A publication of Appalachian Voices


A publication of Appalachian Voices


Where Does Your Forest Stand with the Plan?

By Locke Curtis

Beneath the bureaucracy of the national forest planning process lies a valuable opportunity for citizens to voice their opinions on the future of public land.

In 1976, Congress passed the National Forest Management Act to find sustainable, productive ways to utilize forest land while also protecting its beauty and creating public green spaces.

This act requires national forests to develop a plan every 15 years — budget permitting — for how the land will be used in the future and undergo a public comment period. The plan initiatives often include safeguarding native plant diversity, protecting air quality and watersheds, and determining the extent of timber harvesting as well as other government and private projects.

In 2012, the Obama administration revised the planning rule to expand the focus from commodity production to further emphasize long-term ecological sustainability and increase community involvement.

In North Carolina, the forest planning process for the Pisgah and Nantahala National Forests is underway.

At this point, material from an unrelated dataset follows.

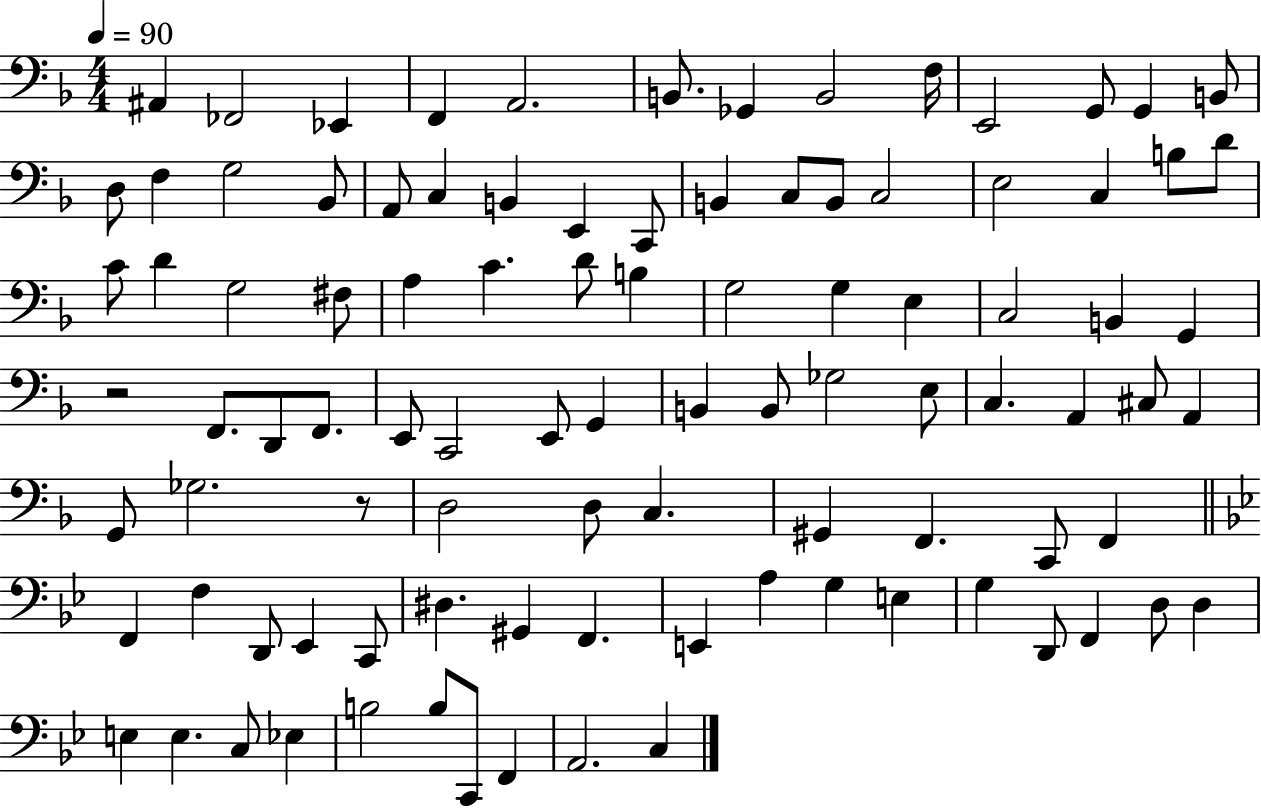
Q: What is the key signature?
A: F major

Here is an update on where the other national forests in the Appalachian region are in their planning process:

Pennsylvania’s Allegheny National Forest revised its plan in 2007 after five years of public collaboration.

Georgia’s Chattahoochee National Forest revised its plan in 2004. It is due for revision in 2019, but the forest service is uncertain about the next start date. This July, the forest published a Monitoring and Evaluation Report to assess progress in the implementation of the 2004 plan.

Tennessee’s Cherokee National Forest completed its last plan in 2004. In an email, Public Affairs Officer Terry McDonald wrote that, “under normal circumstances, the plan would be up for revision in 2019, but the agency is behind schedule for many reasons (budget, new rule, etc.).” McDonald stated that they will likely initiate the next plan between 2024 and 2026.

Daniel Boone National Forest in Kentucky completed its last plan in 2004 and the next is scheduled for 2024. Forest staff are currently revising their plan to include new scientific information on the endangered Indiana bat population.


The George Washington National Forest, which is primarily in Virginia and also crosses into West Virginia, revised its forest plan in 2014. The plan increased stream protection buffers, opened more land to potential logging and recommended areas for wilderness and national scenic designation.

The Jefferson National Forest, which spans portions of Virginia, West Virginia and Kentucky, revised its plan in 2004. The revision of the Jefferson Forest Plan is not scheduled in the immediate future.

Monongahela National Forest in West Virginia completed its last plan in 2006 and will be due for another revision in 2021.

In South Carolina, Sumter National Forest planning finished in 2004. While under the law they should begin their next plan in 2019, Sumter is currently sixth in a queue for funding and personnel, according to forest staff, so they estimate starting the next revision in 2024 or 2026.

Ohio’s Wayne National Forest completed its plan in 2006. The forest held eight meetings in the spring of 2018 to include the public in the beginning stages of planning. Rewriting is scheduled to begin in April 2019. The forest service says they intend to announce more public meeting dates as soon as August 2018 on the forest’s website. Among other topics, the next plan will address controversial oil and gas fracking in the forest.